Huge win for Yushchenko
2004-12-29 10:08
Kiev - Final preliminary results showed opposition candidate Viktor Yushchenko had won Ukraine's drawn-out and divisive presidential election, while pressure built on his opponent, Kremlin favourite Viktor Yanukovych, to concede and abandon his vow to challenge the rerun election.
Yushchenko won 52% to Yanukovych's 44.2% in the court-ordered rerun of the vote, according to a final preliminary vote tally released on Tuesday - a difference of about 2.3 million votes.
"In principle, we have the result," said Yaroslav Davydovych, the head of the Central Election Commission. "I don't know who can doubt it."
Yanukovych, who returned to work Tuesday as prime minister, has refused to concede defeat and said he will challenge the results of Sunday's rerun in Ukraine's Supreme Court.
He said his campaign team had nearly 5 000 complaints about how the voting was conducted and claimed that 4.8 million people.
Bid to prevent fraud
More than double the margin of Yushchenko's victory had been unable to cast ballots, among them disabled and elderly voters.
Ukraine's parliament approved restrictions on voting at home in a bid to prevent fraud, but the Constitutional Court threw out the restrictions on the eve of the vote.
Yanukovych's campaign said many people, however, were unaware of the ruling.
Yanukovych's vow to challenge the results echoes Yushchenko's successful move following the fraud-tainted November 21 runoff, which the court annulled, leading to Sunday's revote.
But, that ruling came amid widespread complaints from foreign monitors that the November 21 vote was unfair; this time, monitors have said they didn't see mass violations.
Yanukovych's team has yet to file an appeal, and the Central Election Commission's Davydovych said many of the complaints they had received, purportedly from individual voters, were "printed on the same computer, with the same text, the same envelopes."

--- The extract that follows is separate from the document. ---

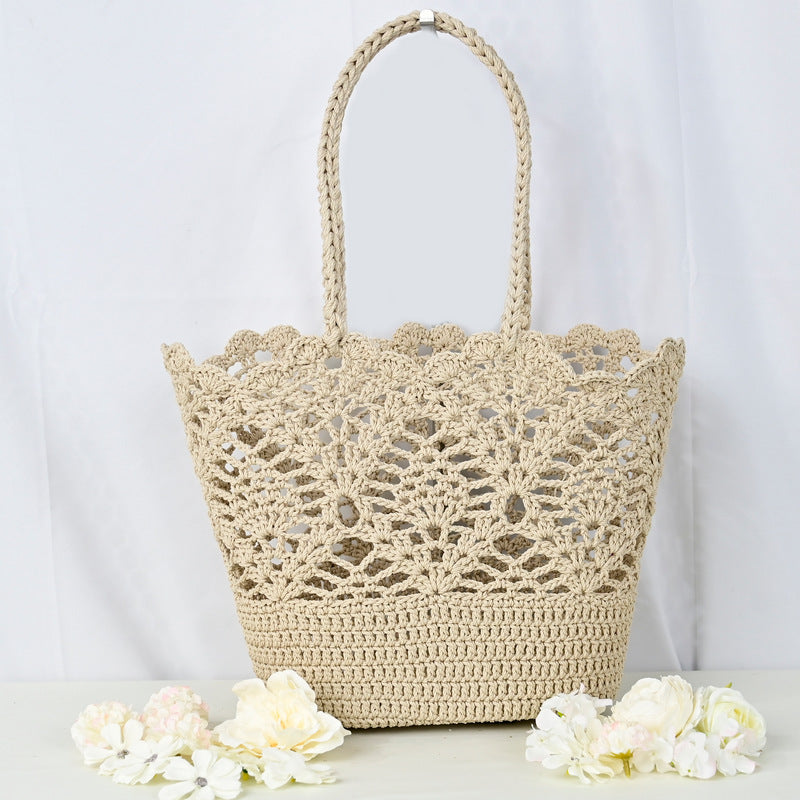 Women's Woven Knitted Handmade Cotton Thread Hollow Crochet Women's Handbag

Davydovych said: "This is on the conscience of those who do that."
President Leonid Kuchma, in the runup to Sunday's vote, urged both candidates to accept the official result and not appeal.
Protracted election campaign
The Council of Europe, the continent's top human rights watchdog, also called on Yanukovych on Tuesday to accept defeat.
Terry Davis, the council's secretary general said: "I call on all parties to accept the verdict of the ballot box and to refrain from rhetoric, which may fuel division in Ukraine."
Ukraine's east-west divide has deepened during the bitter and protracted election campaign.
The Russian-speaking, heavily industrialised east backed Yanukovych, while cosmopolitan Kiev and the nationalistic west supported Yushchenko.
The bitterly fought campaign also frayed ties between the west and Russia.
The Kremlin is nervous about the eastward expanding EU and Nato, and Russian President Vladimir Putin personally campaigned for Yanukovych in the first two rounds of voting in November.